Interestingly, expression of active leptin receptor isoforms was unchanged between SPG11 and control hypothalamic neurons. However, when SPG11 hypothalamic neurons were exposed to the adipocytokine leptin, our preliminary results indicate that the downstream signaling pathways JAK/ STAT were impaired. We are currently substantiating our results by additional experiments and by analyses of additional pathway components.

Based on recently published observations of lipid accumulation in SPG11 models (Branchu et al. 2017; Boutry et al. 2018; Boutry et al. 2019), we have also started analyses on intracellular lipid components in isogenic SPG11 and control cortical neurons.

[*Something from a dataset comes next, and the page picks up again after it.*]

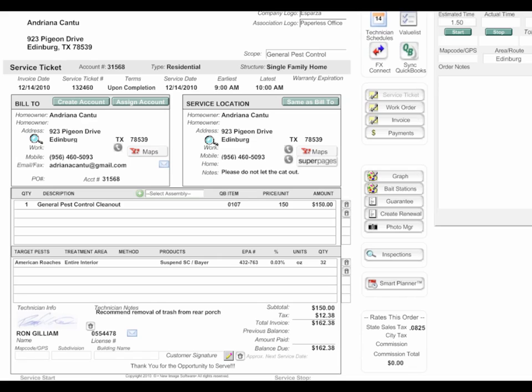In the last session we showed you how to create your service tickets. In this session we're going to talk about how you can get them signed in the field electronically.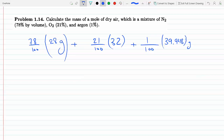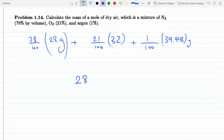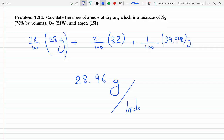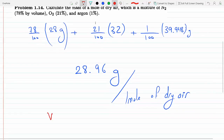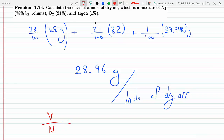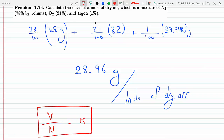So: 0.78 times 28, plus 0.21 times 32, plus 0.01 times 39.948 equals 28.96. That's 28.96 grams per one mole of dry air. This has to do with the fact that volume is proportional to the moles, which is constant. So this is the final answer.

In summary, our findings indicate that adipocytokine downstream signaling pathways are altered in SPG11 hypothalamic neurons – rather than a mere downregulation of receptor levels. Future experiments aim to identify underlying mechanisms and potential therapeutic targets. Moreover, intracellular lipid enzymes and components will be analyzed in these neurons.





Publication during funding period:

Pozner, T., Schray, A., Regensburger, M., Lie, D.C., Schlötzer-Schrehardt, U., Winkler, J., Turan, S., Winner, B., 2018. Tideglusib Rescues Neurite Pathology of SPG11 iPSC Derived Cortical Neurons. Front Neurosci 12, 43. doi:10.3389/fnins.2018.00914.s001



Wang, L., Meece, K., Williams, D.J., Lo, K.A., Zimmer, M., Heinrich, G., Martin Carli, J., Leduc, C.A., Sun, L., Zeltser, L.M., Freeby, M., Goland, R., Tsang, S.H., Wardlaw, S.L., Egli, D., Leibel, R.L., 2015. Differentiation of hypothalamic-like neurons from human pluripotent stem cells. J. Clin. Invest. 125, 796–808. doi:10.1172/JCI79220

Branchu, J., Boutry, M., Sourd, L., Depp, M., Leone, C., Corriger, A., Vallucci, M., Esteves, T., Matusiak, R., Dumont, M., Muriel, M.P., Santorelli, F.M., Brice, A., El Hachimi, K.H., Stevanin, G., Darios, F., 2017. Loss of spatacsin function alters lysosomal lipid clearance leading to upper and lower motor neuron degeneration. Neurobiol. Dis. 102:21–37.

Boutry, M., Branchu, J., Lustremant, C., Pujol, C., Pernelle, J., Matusiak, R., Seyer, A., Poirel, M., Chu-Van, E., Pierga, A., Dobrenis, K., Puech, J.P., Caillaud, C., Durr, A., Brice, A., Colsch, B., Mochel, F., El Hachimi, K.H., Stevanin, G., Darios, F., 2018. Inhibition of lysosome membrane recycling causes accumulation of gangliosides that contribute to neurodegeneration. Cell Rep. ;23:3813–26

Boutry M, Pierga A, Matusiak R, Branchu J, Houllegatte M, Ibrahim Y, et al. Loss of spatacsin impairs cholesterol trafficking and calcium homeostasis. Commun Biol. 2019 Oct 17;2(1):772.